Sługa. Bardzo dobrze.
Pandarus. Komu grają?
Sługa. Słuchaczom, panie.
Pandarus. Dla czyjej przyjemności, przyjacielu?
Sługa. Dla mojej, panie, i dla przyjemności amatorów muzyki.
Pandarus. Widzę przyjacielu, że się nie rozumiemy; ja nazbyt dworski, a ty nazbyt bystry. Na czyje żądanie ludzie ci grają?
Sługa. Teraz przynajmniej wiem, o co idzie, panie. Otóż ludzie ci grają na żądanie mojego pana, Parysa, który jest tu osobiście, a z nim śmiertelna Wenus, kwintessencya piękności, niewidoma dusza miłości.
Pandarus. Kto, synowicą moja, Kressyda?
Sługa. Nie, panie, Helena. Czy nie mogłeś się domyślić z przypisanych jej przymiotów?
Pandarus. Zdawałoby się przyjacielu, że nie widziałeś Kressydy. Przychodzę rozmówić się z Parysem w interesie księcia Troila. Wpadnę na niego bez ceremonii, bo interes gorący.
Sługa. Interes gorący! co za frazes niedowarzony!
Pandarus. Piękne pozdrowienie, tobie, pani, i całej tej pięknej kompanii; niech piękne życzenia prowadzą was pięknie, w pięknej mierze do pięknego celu, a przedewszystkiem dla ciebie, piękna królowo, niech piękne myśli pięknem będą wezgłowiem!
Helena. Drogi panie, jak widzę, jesteś pięknych słów pełen.
Pandarus. Mówisz, słodka królowo, jak twoja piękna wola. Piękny książę, doskonała muzyka ucięta.
Parys.
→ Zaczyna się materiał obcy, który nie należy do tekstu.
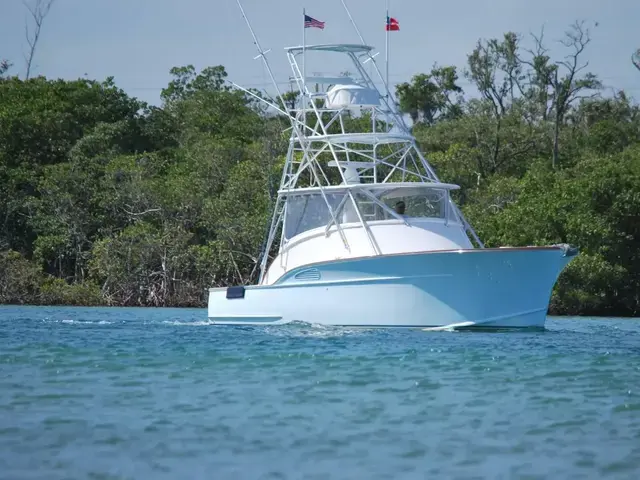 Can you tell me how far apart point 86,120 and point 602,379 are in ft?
154

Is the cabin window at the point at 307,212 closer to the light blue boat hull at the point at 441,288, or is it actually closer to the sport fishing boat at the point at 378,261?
the sport fishing boat at the point at 378,261

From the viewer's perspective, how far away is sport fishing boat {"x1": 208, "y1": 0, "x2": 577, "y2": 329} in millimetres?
24812

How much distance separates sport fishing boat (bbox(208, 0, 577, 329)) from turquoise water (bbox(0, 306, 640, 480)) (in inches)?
68.3

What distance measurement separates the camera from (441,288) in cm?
2481

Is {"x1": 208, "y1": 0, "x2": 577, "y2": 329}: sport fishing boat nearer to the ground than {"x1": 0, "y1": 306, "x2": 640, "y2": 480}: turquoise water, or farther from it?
farther from it

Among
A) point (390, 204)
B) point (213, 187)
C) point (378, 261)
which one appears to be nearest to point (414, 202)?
point (390, 204)

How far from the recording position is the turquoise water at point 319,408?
1043 centimetres

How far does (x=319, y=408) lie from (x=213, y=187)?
127 feet

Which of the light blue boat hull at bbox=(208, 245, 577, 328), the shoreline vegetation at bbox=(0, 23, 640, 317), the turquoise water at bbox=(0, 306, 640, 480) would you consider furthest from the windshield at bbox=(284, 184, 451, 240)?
the shoreline vegetation at bbox=(0, 23, 640, 317)

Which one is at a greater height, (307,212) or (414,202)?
(414,202)

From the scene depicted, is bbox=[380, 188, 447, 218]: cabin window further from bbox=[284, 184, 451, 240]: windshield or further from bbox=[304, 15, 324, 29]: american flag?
bbox=[304, 15, 324, 29]: american flag

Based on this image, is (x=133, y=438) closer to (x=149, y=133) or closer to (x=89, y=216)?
(x=89, y=216)

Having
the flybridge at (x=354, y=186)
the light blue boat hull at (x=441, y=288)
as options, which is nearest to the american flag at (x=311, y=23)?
the flybridge at (x=354, y=186)

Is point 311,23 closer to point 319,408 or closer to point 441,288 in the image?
point 441,288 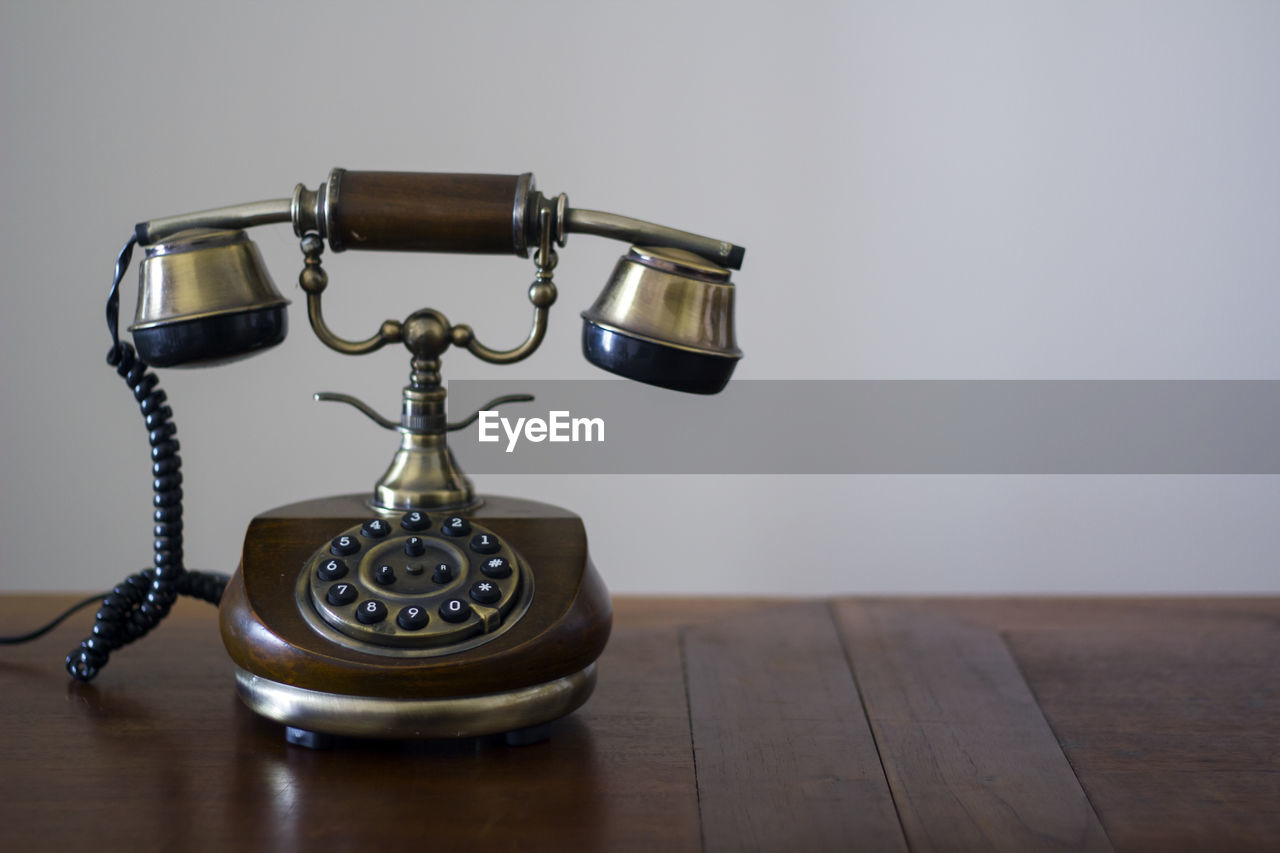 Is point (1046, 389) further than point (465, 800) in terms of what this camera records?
Yes

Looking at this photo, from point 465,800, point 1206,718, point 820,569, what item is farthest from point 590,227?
point 820,569

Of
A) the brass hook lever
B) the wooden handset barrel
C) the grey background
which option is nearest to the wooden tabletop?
the brass hook lever

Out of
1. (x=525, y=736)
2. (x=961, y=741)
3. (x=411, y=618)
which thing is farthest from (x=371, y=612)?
(x=961, y=741)

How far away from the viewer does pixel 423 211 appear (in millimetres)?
846

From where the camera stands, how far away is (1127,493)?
178 centimetres

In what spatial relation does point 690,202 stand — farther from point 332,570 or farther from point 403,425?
point 332,570

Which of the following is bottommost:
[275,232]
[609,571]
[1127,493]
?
[609,571]

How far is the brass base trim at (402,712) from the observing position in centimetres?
75

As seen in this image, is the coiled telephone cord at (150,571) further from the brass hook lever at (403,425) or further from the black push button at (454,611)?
the black push button at (454,611)

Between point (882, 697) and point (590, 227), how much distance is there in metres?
0.42

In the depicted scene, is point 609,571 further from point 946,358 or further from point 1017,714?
point 1017,714

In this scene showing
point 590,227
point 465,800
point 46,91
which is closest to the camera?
point 465,800

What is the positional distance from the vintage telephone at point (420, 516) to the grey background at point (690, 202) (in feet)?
2.45

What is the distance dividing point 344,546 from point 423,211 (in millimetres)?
238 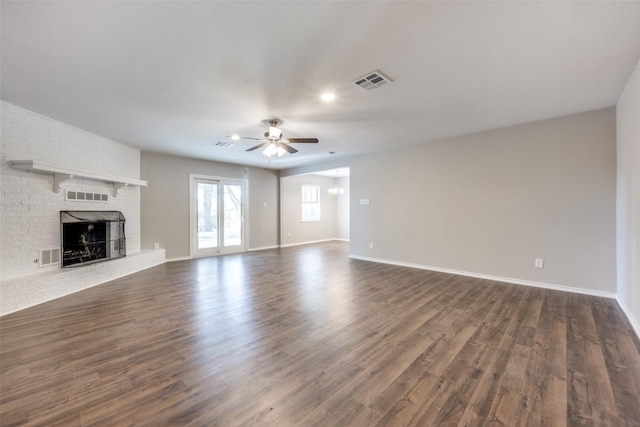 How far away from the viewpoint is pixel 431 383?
1871mm

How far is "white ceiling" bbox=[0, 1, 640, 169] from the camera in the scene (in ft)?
6.02

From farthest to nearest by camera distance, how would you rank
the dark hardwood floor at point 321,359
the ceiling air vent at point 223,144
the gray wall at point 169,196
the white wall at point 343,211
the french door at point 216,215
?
the white wall at point 343,211 < the french door at point 216,215 < the gray wall at point 169,196 < the ceiling air vent at point 223,144 < the dark hardwood floor at point 321,359

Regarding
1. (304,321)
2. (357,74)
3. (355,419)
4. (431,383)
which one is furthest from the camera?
(304,321)

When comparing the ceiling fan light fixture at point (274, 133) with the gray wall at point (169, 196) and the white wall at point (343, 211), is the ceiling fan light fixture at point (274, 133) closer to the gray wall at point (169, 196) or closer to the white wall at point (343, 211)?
the gray wall at point (169, 196)

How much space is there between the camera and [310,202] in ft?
32.3

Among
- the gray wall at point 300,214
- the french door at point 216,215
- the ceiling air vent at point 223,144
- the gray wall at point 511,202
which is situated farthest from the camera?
the gray wall at point 300,214

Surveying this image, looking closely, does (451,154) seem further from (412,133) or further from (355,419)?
(355,419)

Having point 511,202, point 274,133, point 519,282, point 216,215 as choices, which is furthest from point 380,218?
point 216,215

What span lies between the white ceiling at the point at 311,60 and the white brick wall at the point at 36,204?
365 millimetres

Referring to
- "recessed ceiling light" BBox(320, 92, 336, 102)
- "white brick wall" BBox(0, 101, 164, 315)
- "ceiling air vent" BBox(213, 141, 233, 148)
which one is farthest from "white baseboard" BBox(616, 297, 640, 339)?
"white brick wall" BBox(0, 101, 164, 315)

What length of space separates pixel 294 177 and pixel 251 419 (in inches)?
316

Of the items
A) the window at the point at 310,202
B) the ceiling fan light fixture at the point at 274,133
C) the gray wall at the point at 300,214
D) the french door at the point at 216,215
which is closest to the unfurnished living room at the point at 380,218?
the ceiling fan light fixture at the point at 274,133

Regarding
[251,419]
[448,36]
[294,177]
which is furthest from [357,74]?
[294,177]

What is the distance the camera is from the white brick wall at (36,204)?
329cm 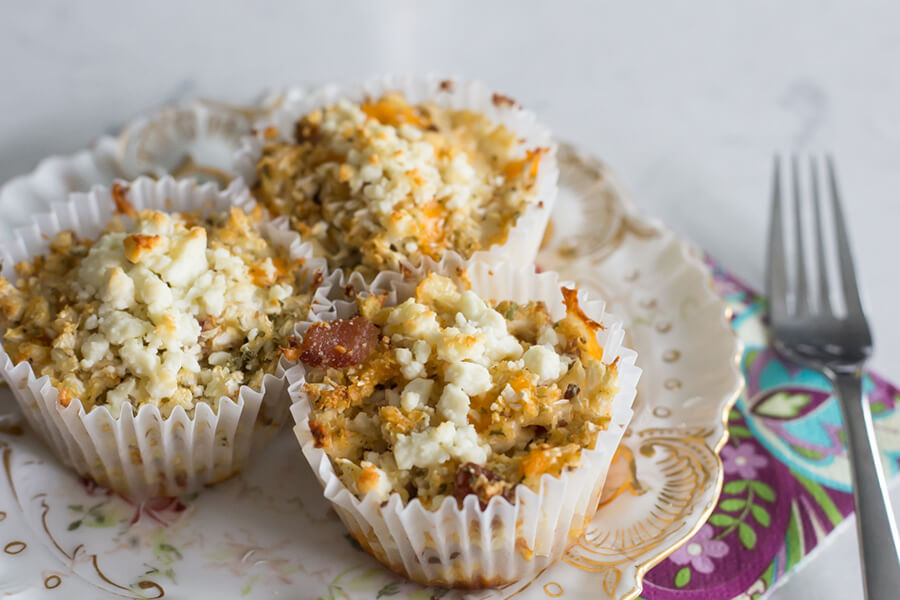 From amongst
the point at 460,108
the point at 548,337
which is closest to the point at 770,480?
the point at 548,337

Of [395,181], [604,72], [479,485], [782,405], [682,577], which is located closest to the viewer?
[479,485]

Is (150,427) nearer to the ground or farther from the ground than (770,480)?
farther from the ground

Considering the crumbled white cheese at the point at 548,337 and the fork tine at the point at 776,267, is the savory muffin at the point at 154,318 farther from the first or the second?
the fork tine at the point at 776,267

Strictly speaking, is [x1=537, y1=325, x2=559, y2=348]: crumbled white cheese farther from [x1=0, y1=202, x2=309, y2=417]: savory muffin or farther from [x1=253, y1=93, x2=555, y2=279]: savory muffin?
[x1=0, y1=202, x2=309, y2=417]: savory muffin

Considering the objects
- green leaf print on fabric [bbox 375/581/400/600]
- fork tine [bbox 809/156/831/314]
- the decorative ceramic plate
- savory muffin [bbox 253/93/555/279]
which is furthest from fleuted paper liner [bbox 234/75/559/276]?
green leaf print on fabric [bbox 375/581/400/600]

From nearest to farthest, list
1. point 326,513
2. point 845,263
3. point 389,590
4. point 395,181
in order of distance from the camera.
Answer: point 389,590, point 326,513, point 395,181, point 845,263

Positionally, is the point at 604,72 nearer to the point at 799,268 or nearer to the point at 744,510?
the point at 799,268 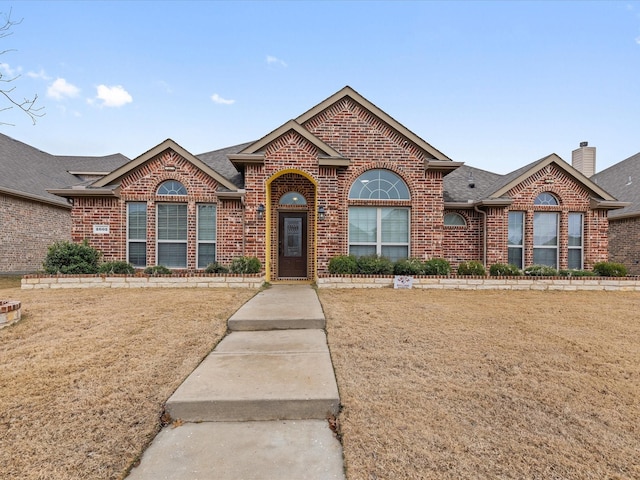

A ty ją uciąłeś, kuzynie; musisz ją teraz naprawić, musisz ją nadsztukować własną sztuką. Helko, to człowiek pełen harmonii.
Pandarus. Nie, pani, bynajmniej, na uczciwość.
Helena. O panie —
Pandarus. Głos mój przykry, możesz mi wierzyć, bardzo przykry.
Parys. Doskonale! Wiemy, że tak mówisz czasami przez kaprys.